Les cadavres ne chantent pas les louanges de Dieu, Jacob Glatstein. 1946
Légende :
Poème composé en yiddish par Jacob Glatstein en 1946, traduit par Rachel Ertel,
Type : poème
Producteur : MUREL
Source : © In Fun maïn gantzer mi (De toute ma peine), New York ,1956, Rachel Ertel, Dans la langue de personne Droits réservés
Lieu : Etats-Unis
Analyse média
Après la guerre,Jacob Glatstein abandonne ses recherches formelles d'avant garde et revient à une langue plus traditionnelle pour se consacrer à la dénonciation de l'extermination des Juifs d'Europe. Il ne pardonne ni aux bourreaux ni à Dieu l'extermination de son peuple.
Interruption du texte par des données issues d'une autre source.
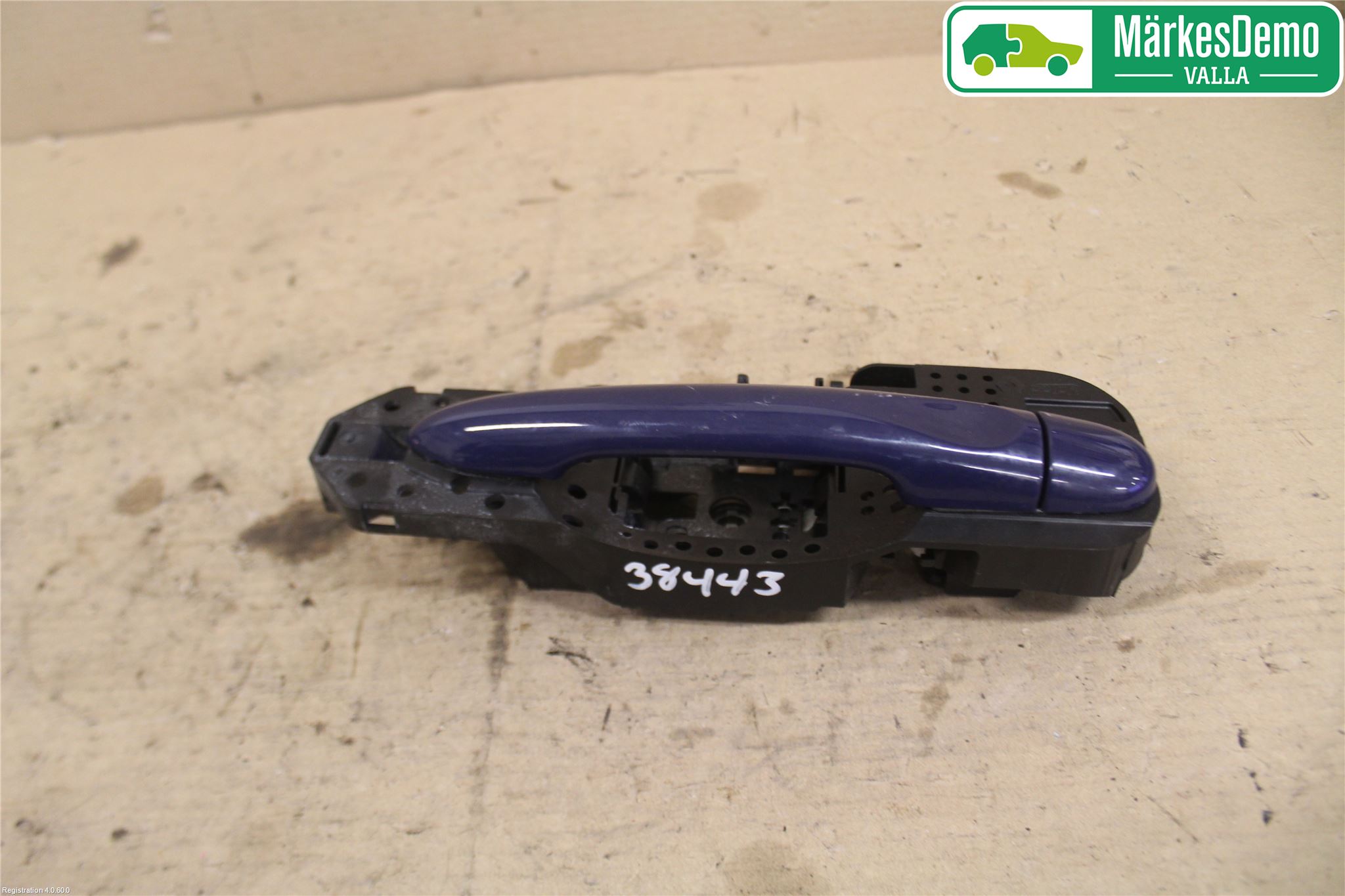 Renault MEGANE III 09-15 Dörrhandtag Yttre Hö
Ce poème reprend un thème que l'on retrouve fréquemment dans la poésie yiddish de l'après-Shoah : l'Alliance entre Dieu et le peuple juif est irrémédiablement rompue car rien ne peut justifier la mort des innocents, représentés dans le poème par le petit garçon juif. Tout est aboli. Le passé comme l'avenir. Le poète ne nie pas l'existence de Dieu, il le laisse seul face à la catastrophe qu'il n'a pas empêché.
Sylvie Orsoni
Contexte historique
Jacob Glatstein naît à Lublin(Pologne) le 20 août 1896. Il reçoit une éducation religieuse traditionnelle mais son père lui donne en privé une éducation laïque en yiddish et lui fait découvrir les grands auteurs yiddish. En 1914, devant la montée de l'antisémitisme, Jacob Glatstein émigre aux Etats-Unis. Il rejoint le cercle de poètes yiddish avant gardistes In zikh (En soi). Avec eux, il explore de nouvelles voies d'expression introduisant les vers libres et des thèmes non juifs. En 1936, il retourne à Lublin voire sa mère mourante. Cette traversée de l'Europe lui fait prendre conscience du danger mortel que le nazisme fait courir aux communautés juives alors que l'antisémitisme est plus virulent que jamais. En 1938, il écrit un poème manifeste dans lequel il tourne le dos au monde occidental :
« Bonne nuit, vaste monde,
Monde géant, monde puant,
ce n'est pas toi, c'est moi qui fais claquer la porte,
Avec ma longue houppelande,
Avec l'étoire jaune en feu,
Avec mon pas orgueilleux,
A mon propre commandement,
je retourne dans le ghetto. »
Après la guerre,sa poésie dénonce avec rage l'anéantissement du yiddishland sans pardon ni oubli. Jacob Glatstein , un des plus grands poètes contemporains, ne s'exprime plus qu'à travers le yiddish. Il est conscient que la portée de sa poésie est irrémédiablement liée au destin du yiddish dont le nombre de locuteurs s'amenuise sans cesse.
Sylvie Orsoni
Sources
Dobrzynski Charles, Le miroir d'un peuple. Anthologie de la poésie Yiddish, éditions du Seuil, collection Domaine yiddish, Paris 1971.
Glatstein Jacob, Fun maïn gantzer mi (De toute ma peine), New York ,1956
Rachel Ertel, Dans la langue de personne, poèsie yiddish de l'anéantissement, éditions du Seuil, collection La librairie du Siècle, Paris 1993.